The third-country regime of Article 32-1 of the 1993 Law is indeed clarified by the CSSF in Circular 19/716, discussed in our previous publication available here. Circular 19/716, in particular, lays out the conditions for the provision of investment services by third-country firms to per se professional clients or eligible counterparties in Luxembourg on a cross-border basis in accordance with Article 32-1(1), second paragraph of the 1993 Law ("national regime"), which applies to the extent that there is no EEA-wide equivalence regime by the European Commission in accordance with MiFIR. The national regime requires a prior authorisation from the CSSF, including a decision on the equivalence of the third-country supervisory regime, which is the purpose of the new regulation.

The Regulation

CSSF Regulation N° 20-02 on equivalence of certain third countries establishes a list of countries outside the EU/EEA for which the CSSF considers that the supervision and authorisation rules for investments firms are equivalent to those of the 1993 Law. With this decision, the regulator is opening the way for investment firms from these countries to benefit from the national regime, pending the adoption of any Commission equivalence decisions. At this stage, the regimes of Canada, Switzerland, the United States of America, Japan, Hong Kong and Singapore are deemed equivalent for purposes of the national regime. It is expected that the United Kingdom will similarly benefit from such a decision and be added to the list upon the end of the (Brexit) transition period.

The Circular

Circular 20/743 ("Circular") amends Circular 19/716 and clarifies, in particular, when an investment service provided by a third-country firm is deemed provided in Luxembourg, i.e. on Luxembourg territory. The CSSF considers this is deemed to be the case if one of the following conditions is met: the third-country firm has a branch in Luxembourg, the investment service is provided to a retail client established or situated in Luxembourg, or the place of the "characteristic performance" of the service, i.e. the essential service for which payment is due, is deemed to be in Luxembourg.

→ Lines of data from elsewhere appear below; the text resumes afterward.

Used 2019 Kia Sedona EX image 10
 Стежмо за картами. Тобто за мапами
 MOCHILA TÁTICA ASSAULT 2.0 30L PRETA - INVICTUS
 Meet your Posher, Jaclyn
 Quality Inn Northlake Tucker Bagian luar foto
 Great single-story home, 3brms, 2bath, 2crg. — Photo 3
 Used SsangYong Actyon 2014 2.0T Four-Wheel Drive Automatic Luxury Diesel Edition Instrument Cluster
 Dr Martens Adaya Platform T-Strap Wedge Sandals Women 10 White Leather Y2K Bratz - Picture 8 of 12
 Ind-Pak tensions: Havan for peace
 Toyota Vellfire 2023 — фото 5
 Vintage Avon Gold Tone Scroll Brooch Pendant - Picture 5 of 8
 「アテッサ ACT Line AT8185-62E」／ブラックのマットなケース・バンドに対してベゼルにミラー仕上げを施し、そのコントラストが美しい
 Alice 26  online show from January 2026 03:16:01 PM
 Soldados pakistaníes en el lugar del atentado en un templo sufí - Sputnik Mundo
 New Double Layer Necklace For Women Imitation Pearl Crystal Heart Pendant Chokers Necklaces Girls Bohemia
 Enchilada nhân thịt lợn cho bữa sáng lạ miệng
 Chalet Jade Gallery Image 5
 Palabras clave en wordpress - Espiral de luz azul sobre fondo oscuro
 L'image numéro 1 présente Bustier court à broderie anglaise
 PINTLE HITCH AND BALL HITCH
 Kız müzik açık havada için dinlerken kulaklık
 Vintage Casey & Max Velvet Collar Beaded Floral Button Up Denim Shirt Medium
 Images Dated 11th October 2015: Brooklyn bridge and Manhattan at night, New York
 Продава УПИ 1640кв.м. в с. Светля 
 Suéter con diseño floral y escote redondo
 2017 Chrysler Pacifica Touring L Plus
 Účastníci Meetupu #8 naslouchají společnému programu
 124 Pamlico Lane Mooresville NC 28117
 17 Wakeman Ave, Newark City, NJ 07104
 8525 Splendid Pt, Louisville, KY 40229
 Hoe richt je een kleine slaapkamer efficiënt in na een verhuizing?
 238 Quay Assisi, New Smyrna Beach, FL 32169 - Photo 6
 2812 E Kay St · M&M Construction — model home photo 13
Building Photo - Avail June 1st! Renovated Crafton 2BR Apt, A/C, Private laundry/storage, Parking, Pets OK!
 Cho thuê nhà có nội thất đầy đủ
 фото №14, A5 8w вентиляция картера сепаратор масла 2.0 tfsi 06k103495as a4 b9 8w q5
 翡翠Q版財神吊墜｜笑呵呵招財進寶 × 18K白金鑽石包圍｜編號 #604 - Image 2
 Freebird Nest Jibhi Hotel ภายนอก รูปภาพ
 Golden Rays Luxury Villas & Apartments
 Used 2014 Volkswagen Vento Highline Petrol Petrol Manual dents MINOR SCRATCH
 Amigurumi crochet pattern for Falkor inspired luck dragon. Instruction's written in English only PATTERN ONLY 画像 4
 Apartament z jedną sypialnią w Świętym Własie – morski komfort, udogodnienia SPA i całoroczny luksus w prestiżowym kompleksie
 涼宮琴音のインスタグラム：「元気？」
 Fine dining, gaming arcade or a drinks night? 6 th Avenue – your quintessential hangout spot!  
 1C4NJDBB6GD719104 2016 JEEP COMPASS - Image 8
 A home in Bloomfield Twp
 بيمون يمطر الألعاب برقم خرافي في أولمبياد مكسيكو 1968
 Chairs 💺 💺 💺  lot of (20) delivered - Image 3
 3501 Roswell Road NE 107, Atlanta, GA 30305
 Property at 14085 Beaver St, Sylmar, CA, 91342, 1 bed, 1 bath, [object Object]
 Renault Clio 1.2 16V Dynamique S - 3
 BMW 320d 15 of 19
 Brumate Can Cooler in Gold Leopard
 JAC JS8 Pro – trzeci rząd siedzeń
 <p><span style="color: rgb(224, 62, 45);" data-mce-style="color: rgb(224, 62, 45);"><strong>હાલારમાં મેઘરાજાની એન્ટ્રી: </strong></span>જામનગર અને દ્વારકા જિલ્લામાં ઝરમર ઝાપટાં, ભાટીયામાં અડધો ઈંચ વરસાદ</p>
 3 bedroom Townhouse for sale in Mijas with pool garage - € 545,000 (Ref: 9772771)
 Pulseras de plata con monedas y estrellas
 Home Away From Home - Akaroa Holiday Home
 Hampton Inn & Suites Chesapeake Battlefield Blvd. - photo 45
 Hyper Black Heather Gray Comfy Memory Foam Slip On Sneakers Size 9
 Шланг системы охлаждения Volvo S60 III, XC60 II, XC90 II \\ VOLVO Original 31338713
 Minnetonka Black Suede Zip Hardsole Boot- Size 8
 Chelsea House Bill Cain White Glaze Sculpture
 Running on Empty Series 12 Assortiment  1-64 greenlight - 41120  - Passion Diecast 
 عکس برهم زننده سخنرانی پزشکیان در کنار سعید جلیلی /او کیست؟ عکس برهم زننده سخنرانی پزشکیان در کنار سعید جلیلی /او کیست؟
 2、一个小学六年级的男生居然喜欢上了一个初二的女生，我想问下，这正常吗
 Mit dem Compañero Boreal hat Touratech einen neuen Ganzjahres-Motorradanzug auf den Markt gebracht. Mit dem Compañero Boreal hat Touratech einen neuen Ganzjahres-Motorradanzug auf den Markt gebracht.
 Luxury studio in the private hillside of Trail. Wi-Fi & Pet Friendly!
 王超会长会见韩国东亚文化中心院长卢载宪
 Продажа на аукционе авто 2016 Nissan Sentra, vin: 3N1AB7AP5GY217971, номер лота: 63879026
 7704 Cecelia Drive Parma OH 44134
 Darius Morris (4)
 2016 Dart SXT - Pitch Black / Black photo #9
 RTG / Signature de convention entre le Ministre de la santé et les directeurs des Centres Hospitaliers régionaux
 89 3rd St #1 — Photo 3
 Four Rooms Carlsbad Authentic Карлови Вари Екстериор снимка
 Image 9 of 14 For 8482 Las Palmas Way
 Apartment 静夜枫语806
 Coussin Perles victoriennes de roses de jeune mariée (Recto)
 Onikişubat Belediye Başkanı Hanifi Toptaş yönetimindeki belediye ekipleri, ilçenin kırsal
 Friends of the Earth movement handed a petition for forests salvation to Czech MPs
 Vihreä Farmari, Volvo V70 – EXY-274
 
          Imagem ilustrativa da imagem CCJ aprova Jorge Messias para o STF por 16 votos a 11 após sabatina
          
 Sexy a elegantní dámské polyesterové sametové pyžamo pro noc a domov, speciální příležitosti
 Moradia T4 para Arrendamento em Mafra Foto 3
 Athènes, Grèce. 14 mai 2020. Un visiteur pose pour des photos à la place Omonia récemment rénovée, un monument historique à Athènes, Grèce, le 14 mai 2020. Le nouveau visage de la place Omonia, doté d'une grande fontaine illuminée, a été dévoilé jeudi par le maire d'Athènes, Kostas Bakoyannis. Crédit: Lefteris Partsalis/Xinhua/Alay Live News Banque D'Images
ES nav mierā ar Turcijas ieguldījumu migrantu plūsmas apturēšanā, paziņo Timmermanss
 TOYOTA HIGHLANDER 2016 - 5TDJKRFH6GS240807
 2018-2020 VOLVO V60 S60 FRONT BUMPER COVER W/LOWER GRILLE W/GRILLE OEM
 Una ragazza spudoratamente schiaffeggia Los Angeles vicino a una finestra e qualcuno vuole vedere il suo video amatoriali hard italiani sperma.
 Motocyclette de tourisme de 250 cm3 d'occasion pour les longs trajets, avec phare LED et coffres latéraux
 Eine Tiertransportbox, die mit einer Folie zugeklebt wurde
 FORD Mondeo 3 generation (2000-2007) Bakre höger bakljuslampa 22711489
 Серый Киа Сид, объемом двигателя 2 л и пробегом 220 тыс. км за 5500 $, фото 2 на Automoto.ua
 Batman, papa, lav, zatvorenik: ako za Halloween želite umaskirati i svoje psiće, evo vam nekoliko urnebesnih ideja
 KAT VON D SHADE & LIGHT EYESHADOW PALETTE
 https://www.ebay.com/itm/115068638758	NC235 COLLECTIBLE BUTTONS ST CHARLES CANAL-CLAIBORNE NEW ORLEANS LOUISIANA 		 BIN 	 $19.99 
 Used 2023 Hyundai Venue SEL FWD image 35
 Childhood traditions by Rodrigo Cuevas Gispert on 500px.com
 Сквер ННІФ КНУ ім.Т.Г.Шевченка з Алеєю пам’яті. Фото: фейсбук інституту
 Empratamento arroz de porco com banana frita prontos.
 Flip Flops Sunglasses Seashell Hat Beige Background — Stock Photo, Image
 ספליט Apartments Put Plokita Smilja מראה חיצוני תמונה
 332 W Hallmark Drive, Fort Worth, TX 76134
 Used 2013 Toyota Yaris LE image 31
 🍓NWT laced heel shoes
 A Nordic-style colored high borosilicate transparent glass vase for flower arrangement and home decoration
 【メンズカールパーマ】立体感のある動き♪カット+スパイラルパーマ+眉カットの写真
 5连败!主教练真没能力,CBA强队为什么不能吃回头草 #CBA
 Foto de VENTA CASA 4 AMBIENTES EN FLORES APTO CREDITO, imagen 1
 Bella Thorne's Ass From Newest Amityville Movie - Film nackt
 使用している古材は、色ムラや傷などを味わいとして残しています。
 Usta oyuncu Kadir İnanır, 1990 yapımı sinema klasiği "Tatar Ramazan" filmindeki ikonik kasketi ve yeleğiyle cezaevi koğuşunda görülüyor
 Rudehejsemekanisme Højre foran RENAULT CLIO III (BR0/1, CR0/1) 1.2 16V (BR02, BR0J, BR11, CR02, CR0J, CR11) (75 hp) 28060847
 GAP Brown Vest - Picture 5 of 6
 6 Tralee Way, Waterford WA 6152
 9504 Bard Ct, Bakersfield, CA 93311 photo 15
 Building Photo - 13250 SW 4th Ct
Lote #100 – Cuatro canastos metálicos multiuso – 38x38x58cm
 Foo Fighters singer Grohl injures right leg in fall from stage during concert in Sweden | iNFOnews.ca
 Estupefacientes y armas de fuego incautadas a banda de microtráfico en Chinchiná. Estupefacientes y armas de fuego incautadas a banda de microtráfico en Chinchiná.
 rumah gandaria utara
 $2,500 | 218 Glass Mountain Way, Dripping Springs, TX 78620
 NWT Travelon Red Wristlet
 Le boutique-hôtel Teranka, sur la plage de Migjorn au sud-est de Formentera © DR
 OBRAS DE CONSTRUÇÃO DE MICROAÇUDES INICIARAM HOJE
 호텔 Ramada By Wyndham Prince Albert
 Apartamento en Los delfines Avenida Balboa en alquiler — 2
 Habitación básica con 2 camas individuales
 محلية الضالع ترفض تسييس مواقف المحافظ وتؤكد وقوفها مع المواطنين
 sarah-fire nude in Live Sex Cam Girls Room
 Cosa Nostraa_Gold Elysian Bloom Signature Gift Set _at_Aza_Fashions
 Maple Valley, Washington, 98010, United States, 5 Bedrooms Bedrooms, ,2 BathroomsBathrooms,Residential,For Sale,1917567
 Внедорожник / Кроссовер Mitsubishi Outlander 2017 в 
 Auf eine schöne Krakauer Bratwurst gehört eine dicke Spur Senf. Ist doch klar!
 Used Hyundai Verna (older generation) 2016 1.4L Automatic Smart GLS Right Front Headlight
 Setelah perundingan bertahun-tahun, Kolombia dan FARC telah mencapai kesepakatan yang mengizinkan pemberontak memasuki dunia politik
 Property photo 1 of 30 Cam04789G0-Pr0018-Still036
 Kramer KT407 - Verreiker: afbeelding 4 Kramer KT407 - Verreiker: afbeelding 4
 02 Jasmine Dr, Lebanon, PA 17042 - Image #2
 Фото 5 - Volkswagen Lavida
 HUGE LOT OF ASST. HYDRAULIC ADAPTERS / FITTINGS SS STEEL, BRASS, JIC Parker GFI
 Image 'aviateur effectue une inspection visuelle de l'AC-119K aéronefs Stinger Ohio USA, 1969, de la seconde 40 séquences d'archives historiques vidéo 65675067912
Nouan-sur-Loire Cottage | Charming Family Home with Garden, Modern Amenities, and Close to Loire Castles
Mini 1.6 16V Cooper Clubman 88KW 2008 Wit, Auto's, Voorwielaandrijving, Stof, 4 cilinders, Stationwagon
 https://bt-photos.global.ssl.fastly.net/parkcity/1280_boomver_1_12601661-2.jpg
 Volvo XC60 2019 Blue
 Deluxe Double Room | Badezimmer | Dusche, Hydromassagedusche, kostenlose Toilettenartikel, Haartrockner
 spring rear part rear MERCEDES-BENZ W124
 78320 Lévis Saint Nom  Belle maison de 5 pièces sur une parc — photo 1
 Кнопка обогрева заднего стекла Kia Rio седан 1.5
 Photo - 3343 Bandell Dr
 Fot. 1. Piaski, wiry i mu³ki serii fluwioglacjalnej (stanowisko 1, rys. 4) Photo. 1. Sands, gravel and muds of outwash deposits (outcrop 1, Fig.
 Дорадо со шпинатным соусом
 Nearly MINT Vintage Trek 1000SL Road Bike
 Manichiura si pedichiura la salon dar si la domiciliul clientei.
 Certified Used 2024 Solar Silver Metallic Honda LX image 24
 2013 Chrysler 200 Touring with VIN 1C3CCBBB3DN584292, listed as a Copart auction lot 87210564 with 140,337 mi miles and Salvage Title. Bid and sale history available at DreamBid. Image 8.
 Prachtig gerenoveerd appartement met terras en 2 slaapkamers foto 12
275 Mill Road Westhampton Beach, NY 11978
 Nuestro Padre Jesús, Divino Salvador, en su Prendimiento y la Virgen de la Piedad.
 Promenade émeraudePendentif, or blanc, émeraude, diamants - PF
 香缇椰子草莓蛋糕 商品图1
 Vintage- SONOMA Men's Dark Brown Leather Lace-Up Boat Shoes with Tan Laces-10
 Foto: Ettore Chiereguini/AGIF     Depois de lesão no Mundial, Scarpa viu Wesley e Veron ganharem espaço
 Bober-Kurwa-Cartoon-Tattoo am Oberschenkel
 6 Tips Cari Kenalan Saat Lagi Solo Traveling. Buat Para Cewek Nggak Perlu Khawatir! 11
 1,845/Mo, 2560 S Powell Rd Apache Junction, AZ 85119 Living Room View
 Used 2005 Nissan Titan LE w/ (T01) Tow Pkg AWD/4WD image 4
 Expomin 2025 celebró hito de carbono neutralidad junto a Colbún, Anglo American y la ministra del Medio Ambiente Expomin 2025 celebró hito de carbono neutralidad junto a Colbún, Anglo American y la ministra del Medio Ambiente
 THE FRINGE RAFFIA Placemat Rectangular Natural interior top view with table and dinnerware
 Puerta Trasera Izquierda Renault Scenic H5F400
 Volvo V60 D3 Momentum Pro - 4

It is the third-country firm's responsibility to analyse whether the investment service is provided in Luxembourg or not. In the latter case, the investment service is out of scope and no branch requirement or authorisation under the national regime applies to its cross-border provision to per se professional clients or eligible counterparties. As the Circular recalls, that is similarly the case when the investment service is provided on the basis of reverse solicitation.

Footnotes

1 Directive 2014/65/EU of 15 May 2014 on markets in financial instruments.

2 Regulation (EU) 600/2014 of 15 May 2014 on markets in financial instruments.